Among the lines below, the one containing "de Unhas (Colorido)" opens the range and the one containing "아지만 Al Zorah Beach Resort 5성급 호텔 객실" closes it. Print that range exactly, without the pictures.

# [Provided entries]
---*---
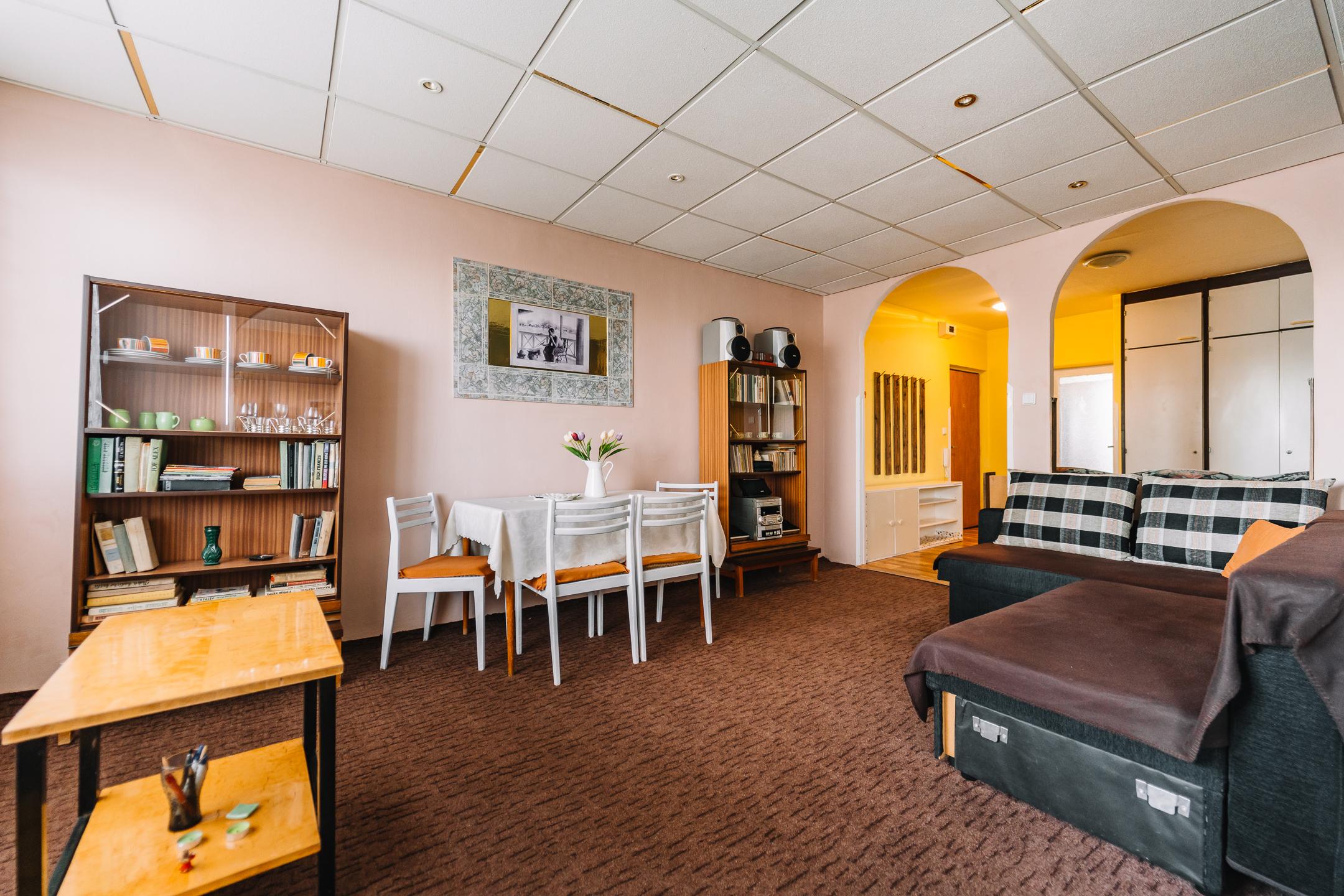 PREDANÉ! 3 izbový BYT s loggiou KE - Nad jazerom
---*---
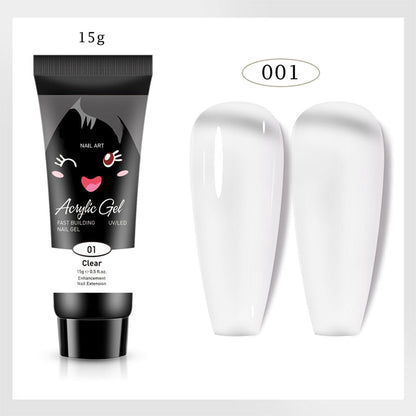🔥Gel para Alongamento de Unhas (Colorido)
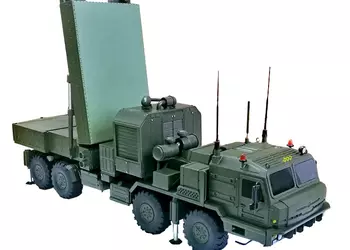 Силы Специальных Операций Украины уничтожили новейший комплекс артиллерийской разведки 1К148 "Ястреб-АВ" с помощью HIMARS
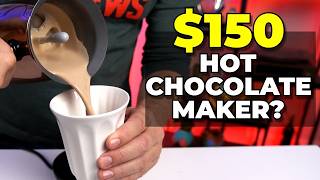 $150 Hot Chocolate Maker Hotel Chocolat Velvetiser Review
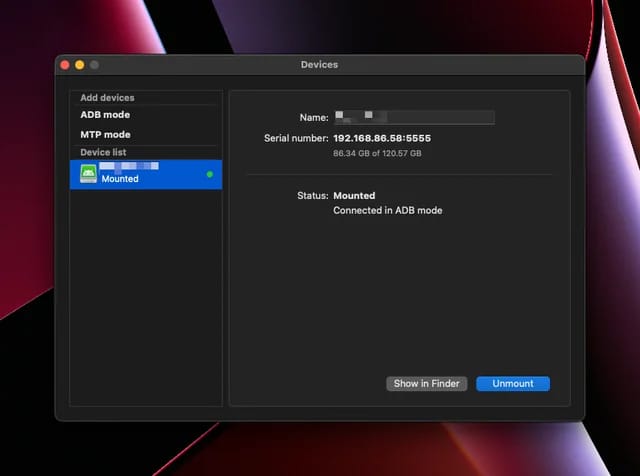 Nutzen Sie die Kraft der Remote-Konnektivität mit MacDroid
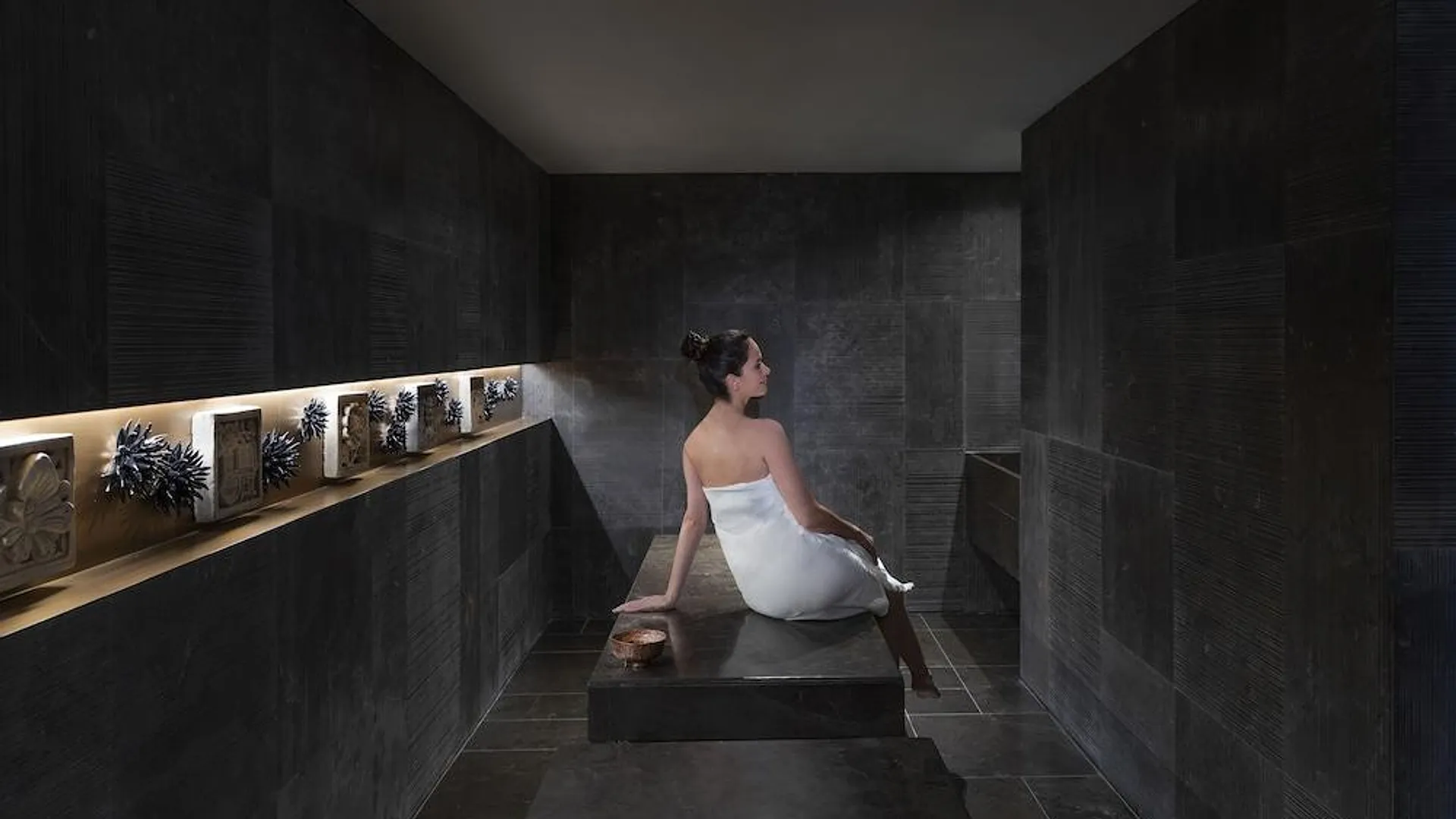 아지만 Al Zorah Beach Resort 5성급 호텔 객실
---*---
# [Exercise answer]
🔥Gel para Alongamento de Unhas (Colorido)
 Силы Специальных Операций Украины уничтожили новейший комплекс артиллерийской разведки 1К148 "Ястреб-АВ" с помощью HIMARS
 $150 Hot Chocolate Maker Hotel Chocolat Velvetiser Review
 Nutzen Sie die Kraft der Remote-Konnektivität mit MacDroid
 아지만 Al Zorah Beach Resort 5성급 호텔 객실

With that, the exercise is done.